Thanks a lot and stay healthy,
Yang

In order to give any suggestions, you need to tell us about the id. Is it numeric, alphabetic, or a combination? How many unique ids do you expect? What is the lowest and highest id you can have. Will the ids have significant leading zeros when entered for checking?

Also, you do not need to do anything to remove an id. Just mark it as not available. Perhaps a bit change.

How are you going to enter the initial list of ids? Will you do this each time the power is turned on? Where do the ids come from? Are you intending to keep the ids in memory, rather than an SD card?

Paul

Paul_KD7HB:
In order to give any suggestions, you need to tell us about the id. Is it numeric, alphabetic, or a combination? How many unique ids do you expect? What is the lowest and highest id you can have. Will the ids have significant leading zeros when entered for checking?

Also, you do not need to do anything to remove an id. Just mark it as not available. Perhaps a bit change.

How are you going to enter the initial list of ids? Will you do this each time the power is turned on? Where do the ids come from? Are you intending to keep the ids in memory, rather than an SD card?

Paul

Hi Paul,

thanks for your reply and insightful questions. I knew I was going to miss some info and you hit right to the point. Let me try to answer your questions.

  1. The ID is a code which contains four hex number, e.g. 0x32FB, meaning I could have a max of 65535 different unique IDs.
  2. Each ID will associate with quite a bit of information as I tried to illustrate with my struct. Therefore I was trying to remove an entry/id to save memory.
  3. I'm receving data continuously from UART. I have a function to parse the data from UART and save the data to the struct/map/whatever I'm going to create. This is going to be a real-time implementation and so there will be ZERO entries at the beginning of runtime.
  4. If possible I would like to keep the IDs and all the associated data in memory, so I don't have to implement SD card.

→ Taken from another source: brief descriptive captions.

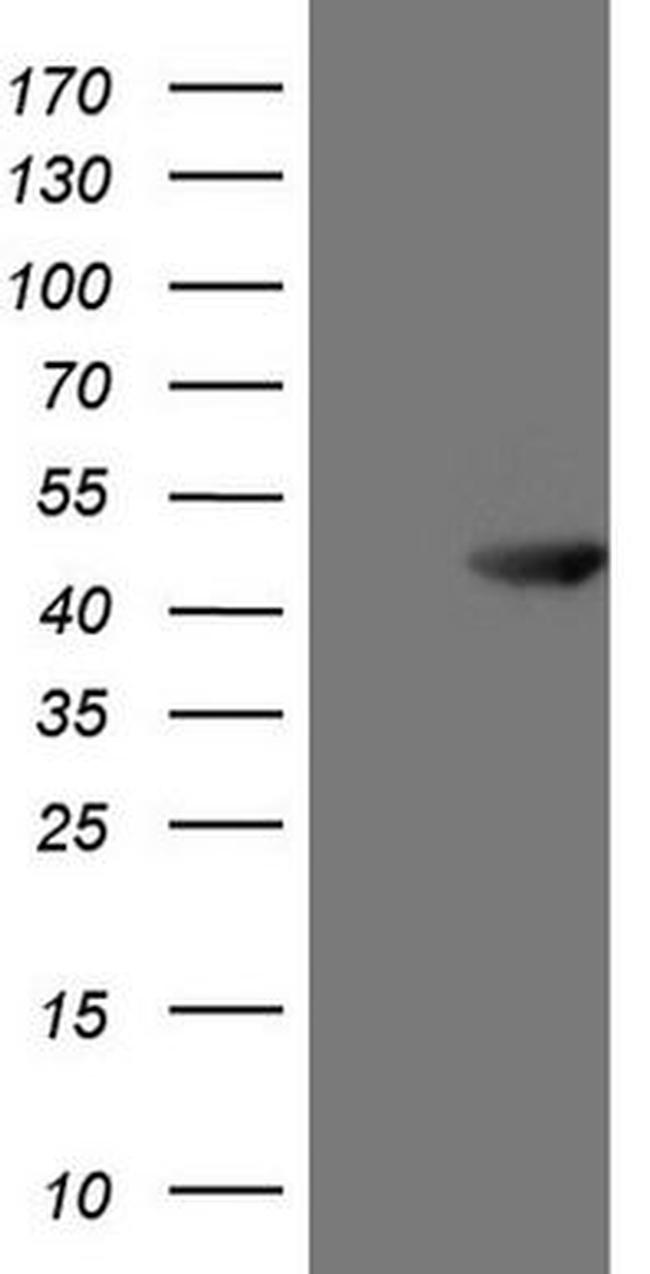 ATP6V1C2 Antibody in Western Blot (WB)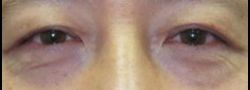 Asian Crease & Double Eyelid Surgery case #10572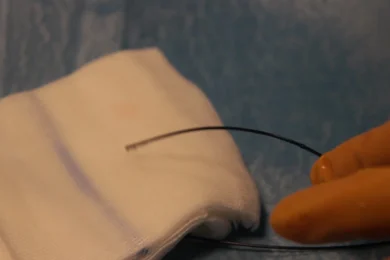 Sala operatoria per embolizzazione con monitoraggio ecografico. Sala operatoria con radiologo e strumenti per embolizzazione, monitorando la posizione del catetere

You will certainly not be able to support the worst case in Arduino memory which means you need some idea of the average case (which may not be supportable either). If you exceed the number of supportable IDs you will need some way of handling that gracefully and informing some one (via LED or other means) that a critical error has occurred. What conditions would cause you to remove IDs from the list?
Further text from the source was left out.